Nebraskans are hard working and have a strong work ethic. Nebraska currently ranks fifth nationally for the highest number of mothers in the workforce and 70% of kids under six have all available parents in the workforce . The child care subsidy program helps make child care affordable for lower income working families who may otherwise be unable to work or afford formal child care.
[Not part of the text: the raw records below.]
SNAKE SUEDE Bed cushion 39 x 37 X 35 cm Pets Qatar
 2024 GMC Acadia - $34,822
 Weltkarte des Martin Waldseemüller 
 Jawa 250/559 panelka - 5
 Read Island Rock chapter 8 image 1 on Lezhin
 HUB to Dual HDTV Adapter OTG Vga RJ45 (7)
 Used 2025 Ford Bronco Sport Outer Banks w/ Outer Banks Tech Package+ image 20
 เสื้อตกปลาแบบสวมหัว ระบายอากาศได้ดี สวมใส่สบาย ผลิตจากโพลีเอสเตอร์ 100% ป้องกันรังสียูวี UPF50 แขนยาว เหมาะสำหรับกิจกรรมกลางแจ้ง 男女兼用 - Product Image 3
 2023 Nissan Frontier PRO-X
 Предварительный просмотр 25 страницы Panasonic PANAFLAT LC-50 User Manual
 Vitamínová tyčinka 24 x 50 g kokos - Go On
In 2002, then-Governor Mike Johanns line-itemed vetoed $4.5 million from the child care assistance program, reducing the eligibility requirement from 185% of the federal poverty level to 120%. This decision was made based on budget considerations, and not on the significant evidence that demonstrates the importance of access to affordable and quality child care. In the decade since this cut, the cost of child care has continued to rise and income eligibility for the program has remained among the lowest in the entire country at 42nd
What Nebraska’s low income eligibility has meant for many lower income working families, and especially for working mothers, is that they are forced to choose between increasing their earning potential or maintaining incomes low enough for child care assistance. Although we have heard this story anecdotally for many years, in 2014 we set out to better understand this challenge by conducting surveys and focus groups with low-income women. Attached to my testimony is a report that compiles the results of these surveys and focus groups. Not surprisingly, the “cliff effect” emerged as a significant challenge for lower income families participating in public assistance programs. A total of 46% of respondents who had participated in public assistance programs had faced the cliff and 55% of those in the child care subsidy program had experienced the cliff. In addition, 52% of those who had faced the cliff had used a coping strategy in order to continue to meet monthly expenses. The most common coping strategy was cutting hours at work, followed by not getting married, not taking a raise, and not accepting a job offer. The cliff effect serves as a disincentive for these positive economic behaviors by cutting families off immediately rather than allowing for a more gradual and realistic transition off of assistance.